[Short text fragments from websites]
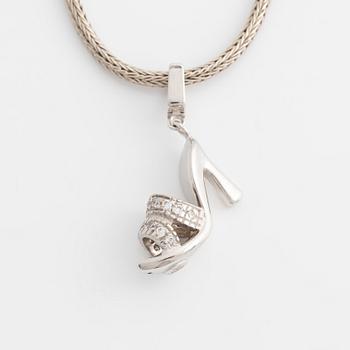 18K white gold shoe pendant with faceted white stones, silver chain.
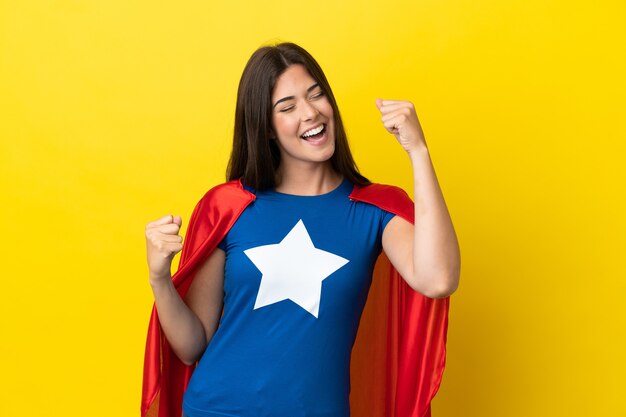 Foto super-heroína brasileira isolada em fundo amarelo comemorando vitória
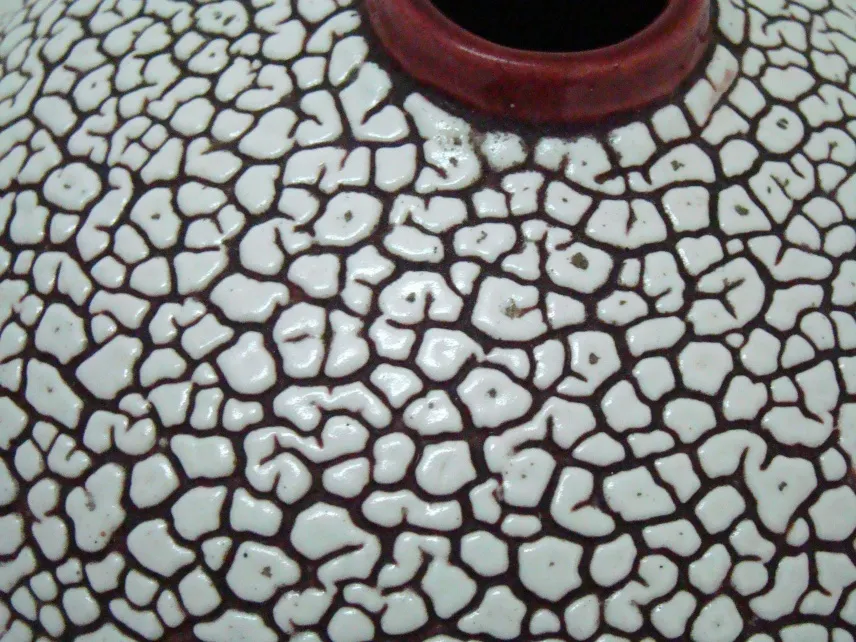 Antique ceramic with cracked texture in brown and white tones.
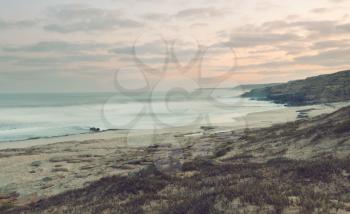 Ocean coast after sunset, Instagram filter.
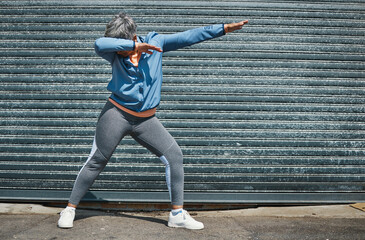 Woman, fitness and dab dance outdoor at training, exercise or workout achievement with celebration. Mature runner lady, comic dancing and winner in city with mindset, freedom or commitment to health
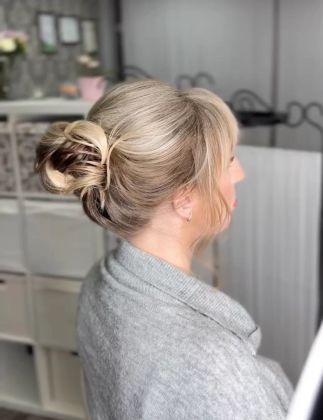 Парикмахер выполняет стрижку, сосредоточенно работает над волосами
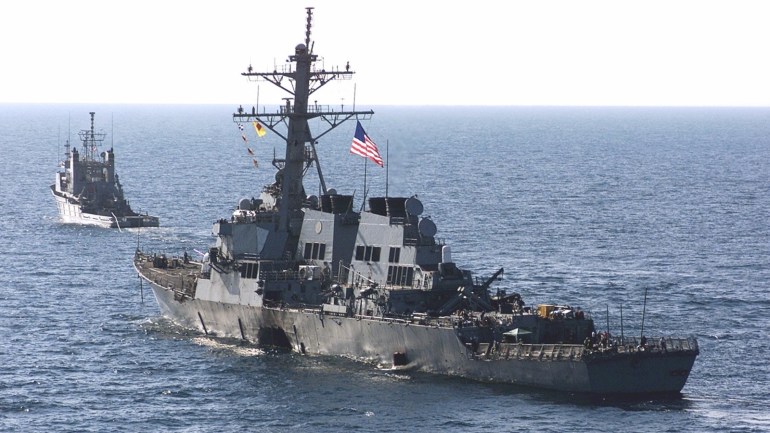 e2b3f81e-8163-4b75-ad75-d0239adf77a7 380991 01: The U.S. Navy destroyer USS Cole is towed away October 29, 2000 from the port city of Aden, Yemen, into open sea by the Military Sealift Command ocean-going tug USNS Catawba. Sailors lined the deck of the Cole, saluting a giant U.S. flag to the national anthem as the destroyer damaged in an apparent suicide bombing was towed out of Aden's port and headed home. (Sgt. Don L. Maes/U.S. Marine Corps via Newsmakers)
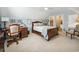 Bright bedroom with a wooden bed frame, a desk with shelving, and a comfortable chair at 356 Savannah Dr., Pawleys Island, SC 29585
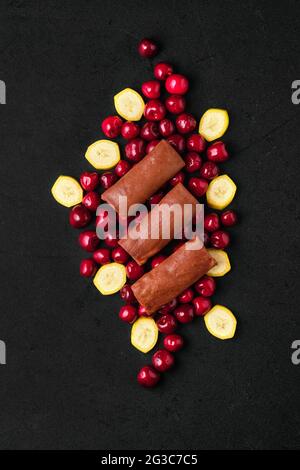 Composizione superiore con frittelle di cioccolato sottili farcite di cagliata, ciliegia e banana Foto Stock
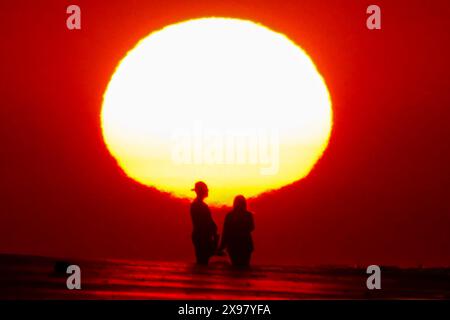 Isola di Palms, Stati Uniti. 29 maggio 2024. Una coppia, sagomata dall'alba, si fa un selfie sulla spiaggia mentre un'onda di calore attraversa la regione portando le temperature negli anni '90, 29 maggio 2024 a Isle of Palms, South Carolina. Crediti: Richard Ellis/Richard Ellis/Alamy Live News Foto Stock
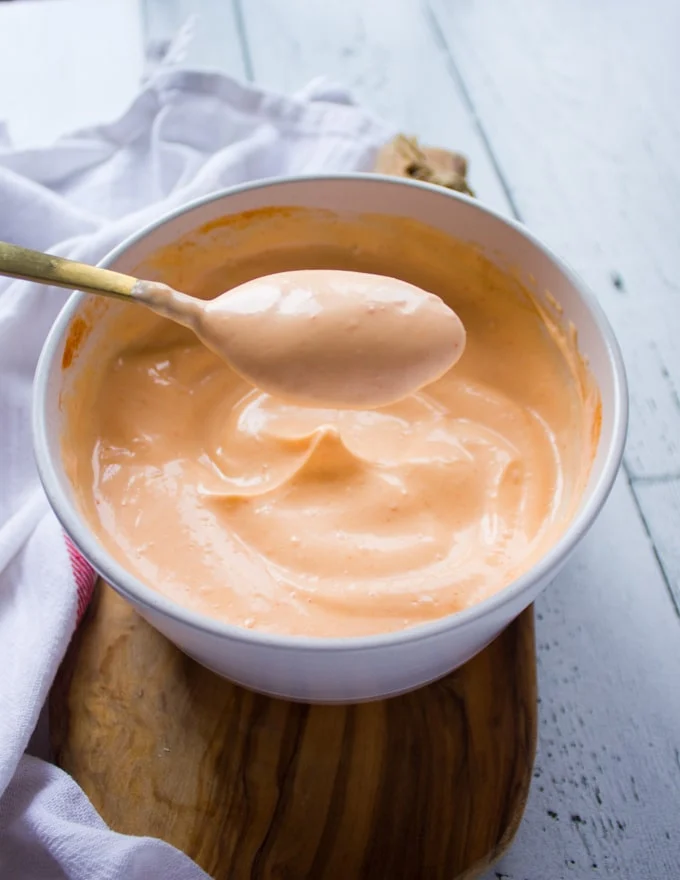 A spoon lifting up some spicy mayo sauce showing the thick drips of sauce over a spicy mayo bowl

[What you have to do] Leave the pictures out and output all of the data verbatim.

[Task solution]
 18K white gold shoe pendant with faceted white stones, silver chain.
 Foto super-heroína brasileira isolada em fundo amarelo comemorando vitória
 Antique ceramic with cracked texture in brown and white tones.
 Ocean coast after sunset, Instagram filter.
 Woman, fitness and dab dance outdoor at training, exercise or workout achievement with celebration. Mature runner lady, comic dancing and winner in city with mindset, freedom or commitment to health
 Парикмахер выполняет стрижку, сосредоточенно работает над волосами
 e2b3f81e-8163-4b75-ad75-d0239adf77a7 380991 01: The U.S. Navy destroyer USS Cole is towed away October 29, 2000 from the port city of Aden, Yemen, into open sea by the Military Sealift Command ocean-going tug USNS Catawba. Sailors lined the deck of the Cole, saluting a giant U.S. flag to the national anthem as the destroyer damaged in an apparent suicide bombing was towed out of Aden's port and headed home. (Sgt. Don L. Maes/U.S. Marine Corps via Newsmakers)
 Bright bedroom with a wooden bed frame, a desk with shelving, and a comfortable chair at 356 Savannah Dr., Pawleys Island, SC 29585
 Composizione superiore con frittelle di cioccolato sottili farcite di cagliata, ciliegia e banana Foto Stock
 Isola di Palms, Stati Uniti. 29 maggio 2024. Una coppia, sagomata dall'alba, si fa un selfie sulla spiaggia mentre un'onda di calore attraversa la regione portando le temperature negli anni '90, 29 maggio 2024 a Isle of Palms, South Carolina. Crediti: Richard Ellis/Richard Ellis/Alamy Live News Foto Stock
 A spoon lifting up some spicy mayo sauce showing the thick drips of sauce over a spicy mayo bowl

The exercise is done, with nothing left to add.